It will insert the generated code of the lexer and parser inside the `[lexer_source]` and `[parser_source]` tags, respectively. Launching the same command will replace any existing code between the tags, so it can be used iteratively (useful if you need to fix or change the grammar!).

In `types.txt` and `listener.txt`, you'll find a template for the user types and a basic implementation of the listener. You can copy their content the first time to make it easier. You can also add those files to your repository to see what must be updated in your code each time the grammar is modified.
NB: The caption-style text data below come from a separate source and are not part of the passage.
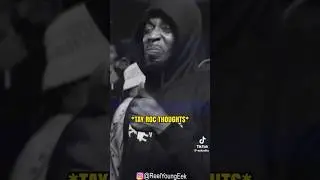 It&rsquo;s meeeee #battlerapculture #battlerap #battleraphighlights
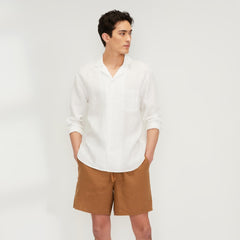 mens-relaxed-linen-ls-camp-shirt-white | primary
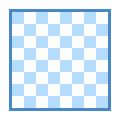 Deckkraft icon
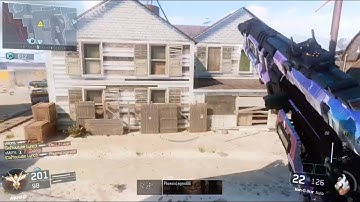 Smacking uR Lazer, Pirged & Gulings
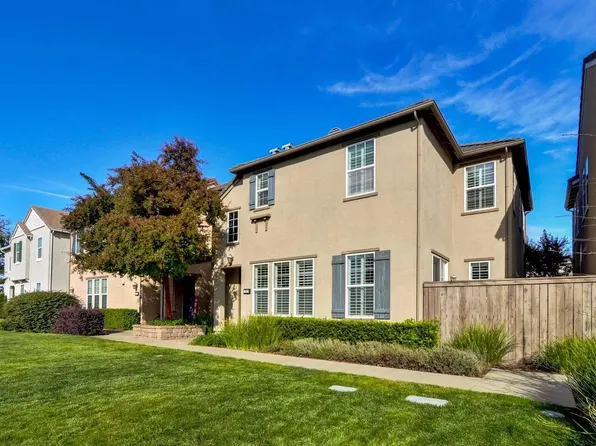 174 Talmont Cir, Roseville, CA 95678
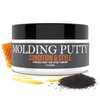 Uncle Jimmy Moulding Putty 59 ml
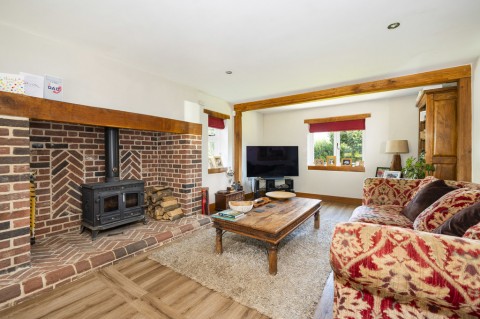 Click the photo for more details of Colchester, Essex, Colchester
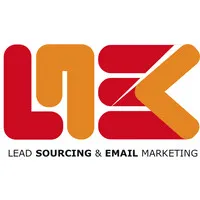 Lead Sourcing And Email Marketing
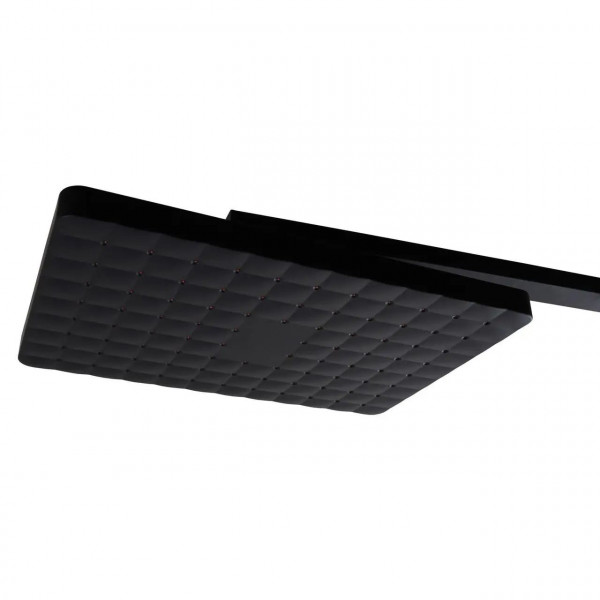 Душевая система Globus Lux SICILIA SBQ-SH-125-BB (000021188)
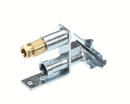 CECILWARE F132Q PILOT-GF16/28 LP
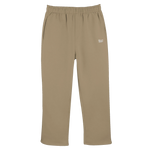 Signature Jogginghose – weiße Stickerei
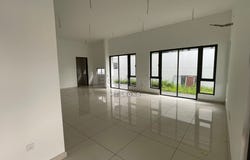 Shah Alam, Selangor 40150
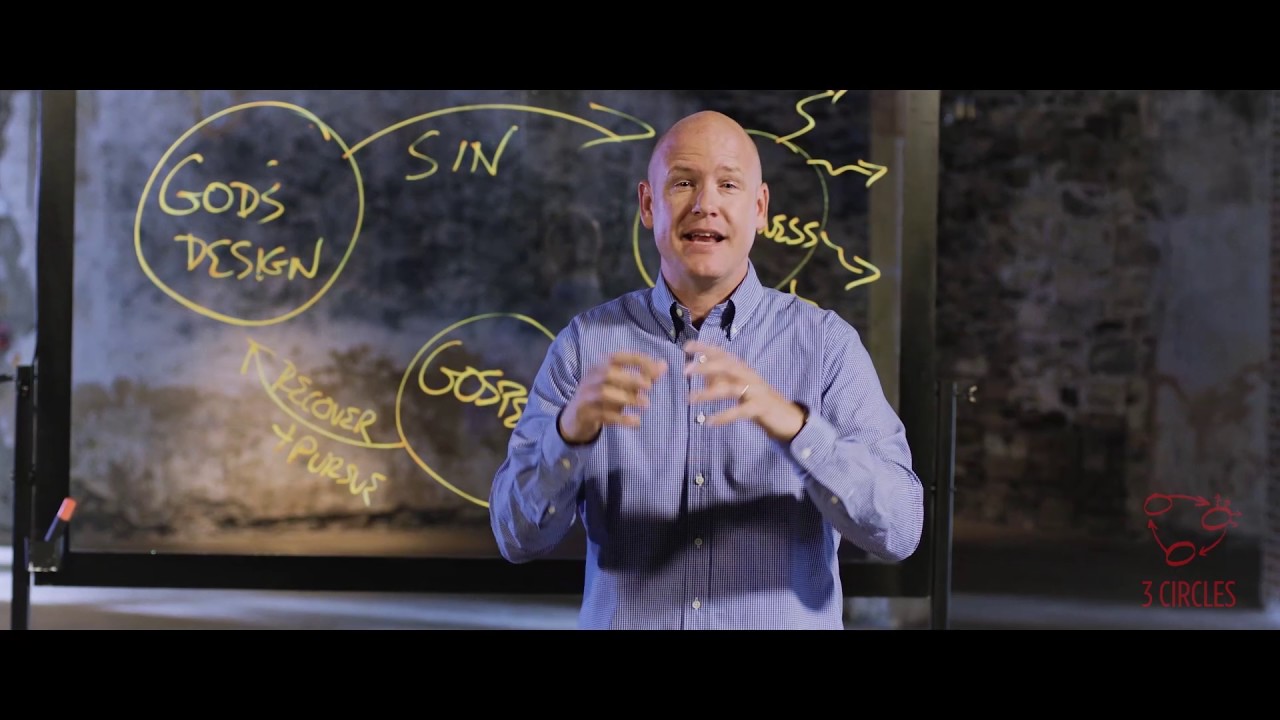 3 Circles Training - Lesson 5 - Red, Yellow and Green Responses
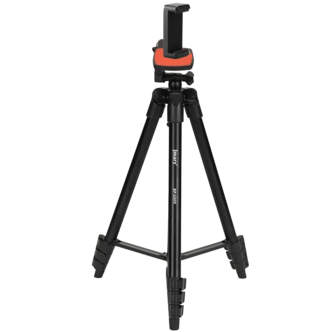 سه پایه دوربین جی ماری مدل KP-2205 سه پایه دوربین جی ماری مدل KP-2205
The only dependency you need in Cargo.toml is the [`lexigram-core`](https://crates.io/crates/lexigram-core) crate, with a version compatible with the `lexigram` executable (`lexigram -V`).

# Where to Go From Here

The [Lexigram book](https://www.unscript.net/lexigram-book) has an introduction, a tutorial, and a reference that should provide all the necessary information to start building your own parser.

You can also find some examples in the project repository:
* in [./examples]https://github.com/blueglyph/lexigram/tree/master/examples
* in [./build-rtsgen]https://github.com/blueglyph/lexigram/tree/master/build-rtsgen, which is a [lexer/parser]https://github.com/blueglyph/lexigram/blob/master/src/rtsgen/mod.rs for simplified grammar language used in the unit tests.

There are `#[ignore]` tests in the `./examples/gen_*` crates to regenerate the examples. They show how to generate a parser programmatically, if you prefer that to the command-line executable.

Lexigram itself uses a couple of lexers/parsers (that it generated itself) to parse the lexicon (Lexi) and the grammar (Gram). Lexi and Gram, however, are a little harder to trace in the source code because they're generated in two stages.

# Status

This project is still under development and shouldn't be considered fully stable yet (hence the 0.x version). See the main project's [README](https://github.com/blueglyph/lexigram/blob/master/README.md).

_The code and the documentation were entirely written by a human._

# Releases

[RELEASES.md](https://github.com/blueglyph/lexigram/blob/master/RELEASES.md) keeps a log of all the releases (most are also on the [GitHub release page](https://github.com/blueglyph/lexigram/releases)). 

# Licence

This code is licenced under either [MIT License](https://choosealicense.com/licenses/mit/) or [Apache License 2.0](https://choosealicense.com/licenses/apache-2.0/), at your option.